2008 CIRI Board election changes

Leading up to the 2008 CIRI Board election, the CIRI Board of Directors determined that campaign materials distributed by the New Alliance candidates and used to solicit proxies included false and misleading statements, in violation of Alaska securities laws. CIRI was not successful in attempting to obtain corrected statements from the New Alliance directly, so it filed a complaint with the Alaska Division of Banking and Securities, and then filed suit in Superior Court.

On May 5, 2009, the court agreed that the New Alliance’s proxy solicitation materials contained material misrepresentations in violation of the Alaska Securities Act and Alaska proxy regulations, and ordered that “the proxies given to the New Alliance for CIRI’s 2008 annual shareholder meeting must be declared void.” CIRI asked the independent Inspector of Election, Steve Seward, to give effect to the court order with respect to CIRI’s 2008 annual meeting board election results.
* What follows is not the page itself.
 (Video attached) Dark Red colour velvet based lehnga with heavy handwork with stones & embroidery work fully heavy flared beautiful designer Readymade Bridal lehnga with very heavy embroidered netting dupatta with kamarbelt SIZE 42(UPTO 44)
Guided by precedent from past disputes, and with the objective of giving maximum effect to the votes and proxies submitted by CIRI shareholders that have not been invalidated by the court, the Inspector removed from the election count all proxies invalidated by Judge Christen’s orders, and reactivated all otherwise valid proxies provisionally superseded by the invalidated proxies.

All 2008 proxyholders were notified of the Inspector’s decision and provided with a new ballot. Those proxyholders with valid discretionary voting authority submitted new ballots exercising their discretionary authority.
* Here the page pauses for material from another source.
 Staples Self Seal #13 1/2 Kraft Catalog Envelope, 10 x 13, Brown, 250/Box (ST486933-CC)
On June 4, 2009, a majority of CIRI’s 2008 proxyholders convened and reallocated CIRI’s discretionary votes to the five Board-recommended candidates. In accordance with these procedures, the Inspector of Election certified on June 5, 2008, that Agnes Brown, Penny Carty, Roy Huhndorf, Katrina Jacuk and Patrick Marrs received the highest number of votes, represented by the stock of shareholders present in person or by valid proxy and entitled to vote at the 2008 annual meeting.

While the time and resources devoted to the matter is regrettable, CIRI believes that it was necessary to protect the fairness and integrity of the election process and CIRI shareholders’ rights to cast votes based upon accurate information.